Kabinet Amir Sjarifuddin Harahap diresmikan pada tanggal 3 Juli 1947 (setelah kabinet Soetan Sjahrir berakhir). Sejak awal dibentuk kabinet RI pada tanggal 2 September 1945 hingga Kabinet Amir, yang menjadi Menteri Pertahanan/KR adalah Mr Amir Sjarifoeddin Harahap. Pada kabinet sebelumnya Mr Amir Sjarifoeddin Harahap adalah menteri dengan nomenklatur Menteri Keamanan Rakyat yang pada Kabinet Amir ini diubah namanya menjadi Menteri Pertahanan. Pada Kabinet Amir ini, Mr Amir Sjarifoeddin Harahap selain Perdana Menteri, tetap sebagai Menteri Keamanan Rakyar/Menteri Pertahanan. Kepala intelijen negara Republik Indonesia yang beribukota di Jogjakarta masih tetap Kolonel Zulkifli Lubis. Beberapa waktu sebelum telah berlangsung perundingan antara pihak Republik Indonesia dan pihak Belanda (NICA). Perundingan diadakan di Linggarjati, yang menghasilkan persetujuan mengenai status kemerdekaan Indonesia dimana hasil perundingan ini ditandatangani di Istana Batavia/Djakarta pada tanggal 15 November 1946 dan ditandatangani secara sah oleh kedua negara pada 25 Maret 1947. Hasil perundingan tersebut menghasilkan 17 pasal yang antara lain berisi: (1) Belanda mengakui secara de facto wilayah Republik Indonesia, yaitu Jawa, Sumatera,dan Madura; (2) Belanda harus meninggalkan wilayah RI paling lambat tanggal 1 Januari 1949; (3) Pihak Belanda dan Indonesia sepakat membentuk negara Republik Indonesia Serikat (RIS); (4) Dalam bentuk RIS Indonesia harus tergabung dalam Persemakmuran Indonesia-Belanda dengan mahkota negeri Belanda sebagai kepala uni. Mengenai RIS sendiri, Soekarno menerima kompromi tersebut untuk menghindari perlawanan terhadap Belanda yang sulit dan pemahamannya mengenai sistem republik, maka ia dapat memimpin RIS yang mayoritasnya penduduk Indonesia. Sementara Komisi Jenderal juga menerima kompromi tersebut karena kemungkinan perang dapat dihindari dan hubungan Belanda dengan Indonesia dapat berlanjut (Wikipedia). Dalam konteks itulah tiga warga negara RI ditangkap dan dihukum di Singapoera dimana militer Inggris di Asia Tenggara berkedudukan.

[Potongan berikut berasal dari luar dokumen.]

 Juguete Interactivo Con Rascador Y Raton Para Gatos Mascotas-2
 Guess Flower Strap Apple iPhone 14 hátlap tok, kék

Tiga warga negara RI Soewadi, Abdul Salim Harahap dan Karim Loebis di Singapoera terlibat dalam pencurian dokumen rahasia diduga kuat sebagai bagian terdepan aksi intelijen RI dalam hubungan yang terjadi antara perselisihan Belanda (NICA) dan Republik Indonesia di wilayah Indonesia. Seperti disebut di atas, Karim Loebis dijatuhi hukum lebih berat karena dianggap yang bertanggungjawab penuh di belakang dalam aksi pencurian dokumen tersebut. Soewadi dan Abdul Salim Harahap melakukan aksi di lapangan yang kemudian dikenakan hukuman yang sama (16 bulan penjara).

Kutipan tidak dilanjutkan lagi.